Entries taken from a collection
══════════

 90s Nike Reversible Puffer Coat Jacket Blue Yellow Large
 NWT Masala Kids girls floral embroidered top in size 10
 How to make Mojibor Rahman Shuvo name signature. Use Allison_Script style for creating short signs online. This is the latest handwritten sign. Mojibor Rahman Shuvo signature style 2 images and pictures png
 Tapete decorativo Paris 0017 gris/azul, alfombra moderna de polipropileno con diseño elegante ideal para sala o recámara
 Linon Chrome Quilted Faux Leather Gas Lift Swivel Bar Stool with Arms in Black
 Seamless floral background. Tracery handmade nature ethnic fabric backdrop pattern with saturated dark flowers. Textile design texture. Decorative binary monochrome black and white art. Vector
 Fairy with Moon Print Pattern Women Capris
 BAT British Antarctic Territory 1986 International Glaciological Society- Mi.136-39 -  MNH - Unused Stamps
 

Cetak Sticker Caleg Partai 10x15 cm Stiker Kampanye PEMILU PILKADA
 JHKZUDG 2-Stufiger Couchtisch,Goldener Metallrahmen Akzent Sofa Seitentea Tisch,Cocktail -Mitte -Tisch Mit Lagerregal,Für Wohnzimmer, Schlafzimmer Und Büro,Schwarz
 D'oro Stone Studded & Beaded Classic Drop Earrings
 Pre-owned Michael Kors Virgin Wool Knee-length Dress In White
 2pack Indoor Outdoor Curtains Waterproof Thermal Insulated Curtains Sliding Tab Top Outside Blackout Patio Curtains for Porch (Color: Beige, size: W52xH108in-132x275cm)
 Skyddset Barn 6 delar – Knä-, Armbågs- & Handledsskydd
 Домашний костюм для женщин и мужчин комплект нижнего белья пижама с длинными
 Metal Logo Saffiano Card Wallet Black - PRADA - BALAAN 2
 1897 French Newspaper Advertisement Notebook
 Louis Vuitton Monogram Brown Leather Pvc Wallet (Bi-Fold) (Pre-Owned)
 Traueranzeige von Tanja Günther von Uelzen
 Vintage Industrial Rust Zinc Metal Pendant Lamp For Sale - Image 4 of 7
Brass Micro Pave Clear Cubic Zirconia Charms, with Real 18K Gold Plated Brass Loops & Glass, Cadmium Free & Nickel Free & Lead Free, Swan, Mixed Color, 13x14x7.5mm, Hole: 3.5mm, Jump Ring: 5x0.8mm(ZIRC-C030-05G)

══════════

Task to complete
The answer must contain only the lines from the one with "Traueranzeige von Tanja Günther von Uelzen" to the end of the entries above, each written out exactly.

Expected answer
 Traueranzeige von Tanja Günther von Uelzen
 Vintage Industrial Rust Zinc Metal Pendant Lamp For Sale - Image 4 of 7
Brass Micro Pave Clear Cubic Zirconia Charms, with Real 18K Gold Plated Brass Loops & Glass, Cadmium Free & Nickel Free & Lead Free, Swan, Mixed Color, 13x14x7.5mm, Hole: 3.5mm, Jump Ring: 5x0.8mm(ZIRC-C030-05G)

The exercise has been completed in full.